Praising the hard work of EU negotiator Michel Barnier and Mrs May, Mr Tusk said this lunchtime: “We should have guidelines and start negotiations next year.”
Mr Juncker described the Prime Minister – who he started talks with at 7am last week – as a “tough, smart, polite and friendly negotiator”.
However, German Chancellor Angela Merkel warned that it would involve “even tougher negotiations” than before.
EU leaders throughout the summit have said now is the time for Theresa May to start outlining exactly what she wants from a future relationship with the bloc.
The agreement from the leaders also stressed that “negotiations in the second phase can only progress as long as all commitments undertaken during the first phase are respected in full and translated into legal terms as quickly as possible”.
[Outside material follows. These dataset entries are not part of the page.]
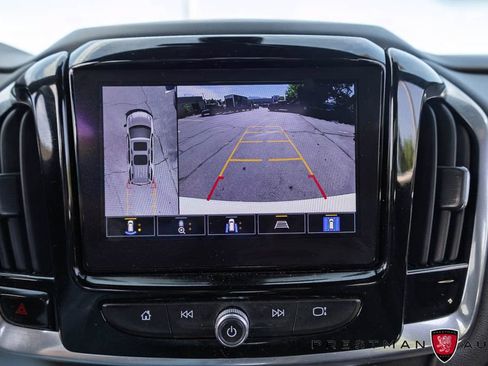 Used 2023 Chevrolet Traverse RS w/ LPO, Floor Liner Package AWD/4WD image 32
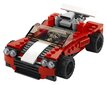 31100 LEGO® Creator Sportinis automobilis, 134 d. цена и информация | Konstruktoriai ir kaladėlės | pigu.lt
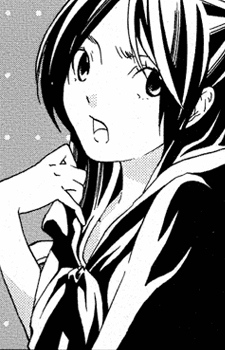 Gambar Karakter Alice Amamiya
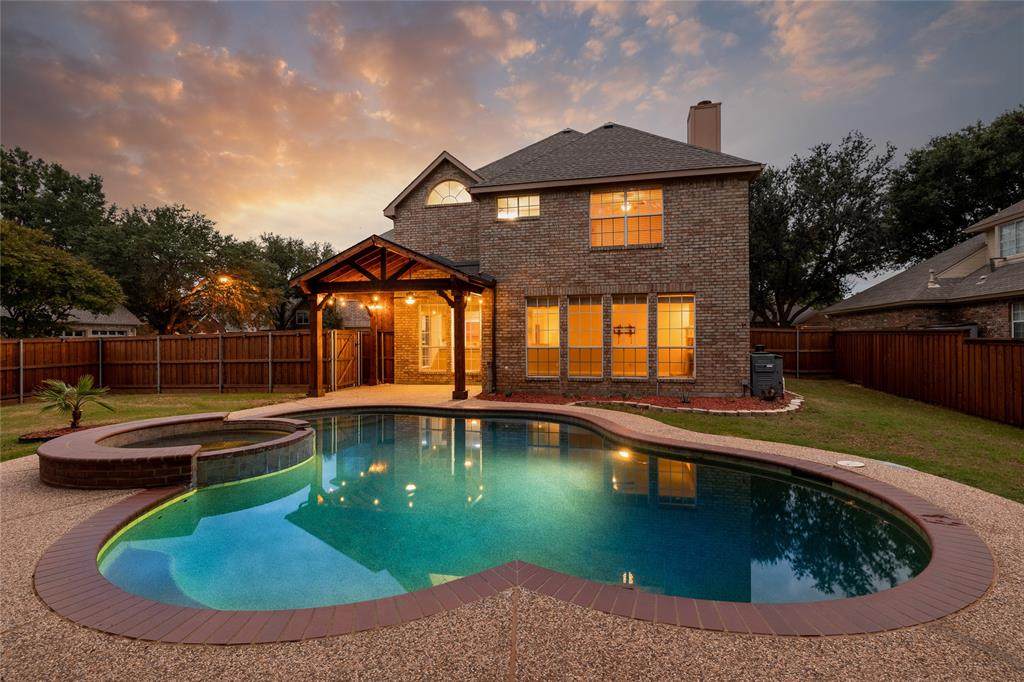 3400 Kelsey Court - Photo 1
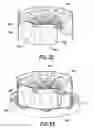 Fig. 19 - Sterility barrier for pen needle and storage container therefor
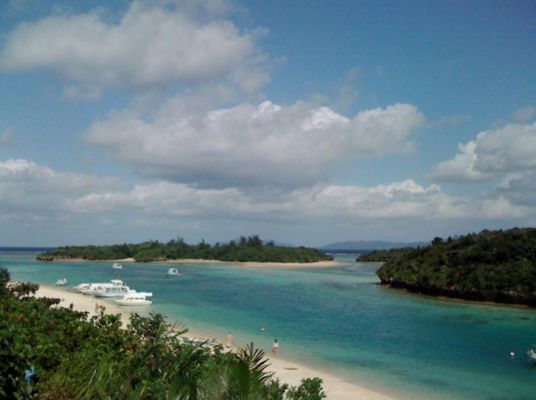 Kabira Marine Service Co., Ltd.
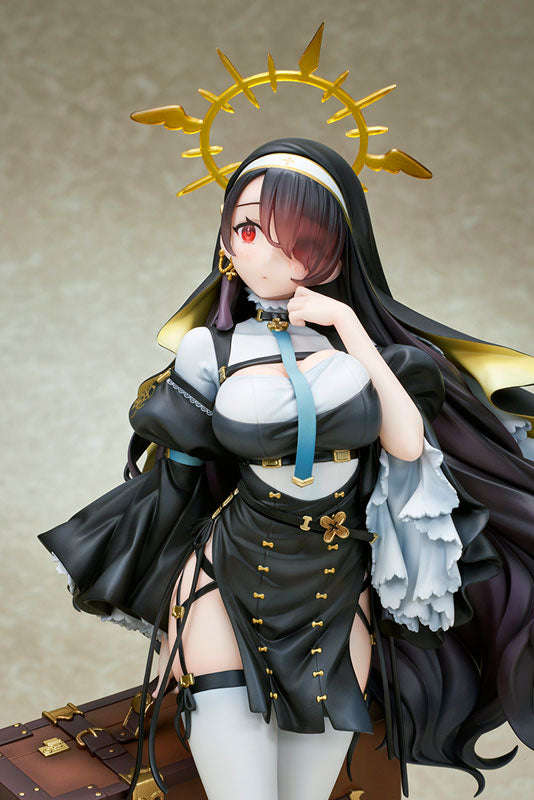 【Pre Order】Blue Archive - Wakaba Hinata (Ques Q)
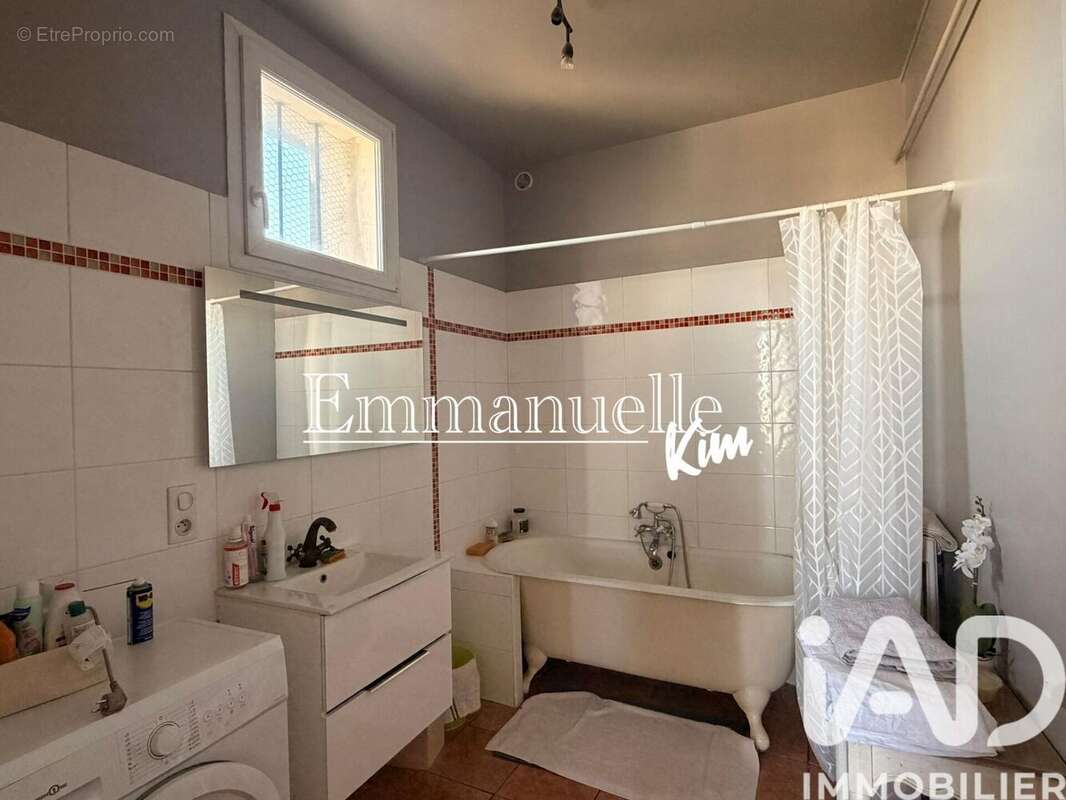 Photo 6 - Appartement à ENGHIEN-LES-BAINS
It says that while a trade deal can’t be signed until we officially quit the bloc, the EU are “ready to engage in preliminary and preparatory discussions” to get ready to put pen to paper as soon as we’re out.
Ministers will meet next Tuesday to start discussing Britain’s ‘end state’, but the discussions are likely to be stormy and will take a while to come to an Cabinet-wide agreement.
No10 aides are now drawing up plans for a series of war Cabinet meetings throughout January to try to bridge the gap by February.
The PM is then likely to make her third big Brexit speech to spell out what the Government’s formal requests to Brussels are.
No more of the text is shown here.